Restate word for word only the lines running from the one with "Пробуем играть от 1 лица #пабг #pubg" to the end of the data, both ends included. Omit any pictures.

Collected data entries
**********

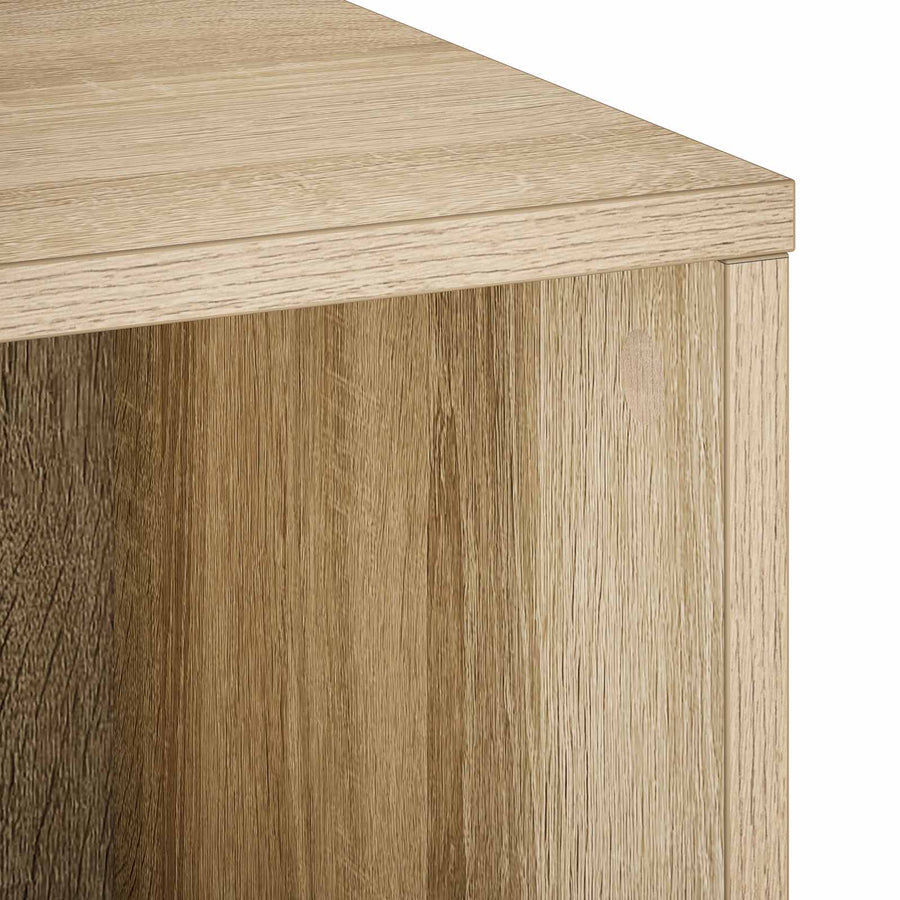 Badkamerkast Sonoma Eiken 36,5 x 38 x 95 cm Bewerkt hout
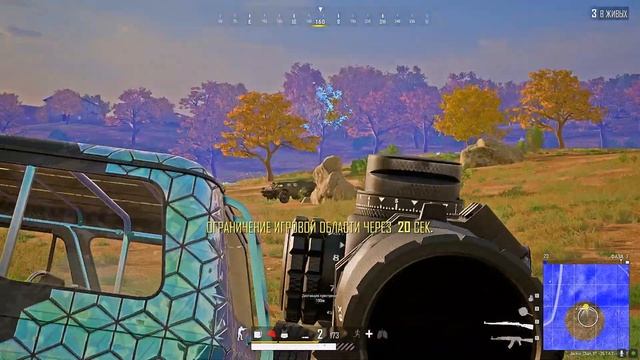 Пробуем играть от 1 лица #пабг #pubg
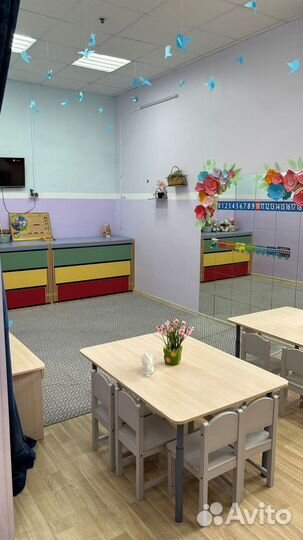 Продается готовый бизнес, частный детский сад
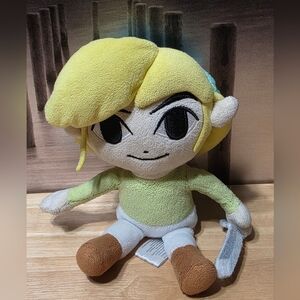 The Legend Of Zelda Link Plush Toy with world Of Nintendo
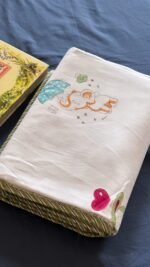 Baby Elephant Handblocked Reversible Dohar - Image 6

**********

Worked solution:
 Пробуем играть от 1 лица #пабг #pubg
 Продается готовый бизнес, частный детский сад
 The Legend Of Zelda Link Plush Toy with world Of Nintendo
 Baby Elephant Handblocked Reversible Dohar - Image 6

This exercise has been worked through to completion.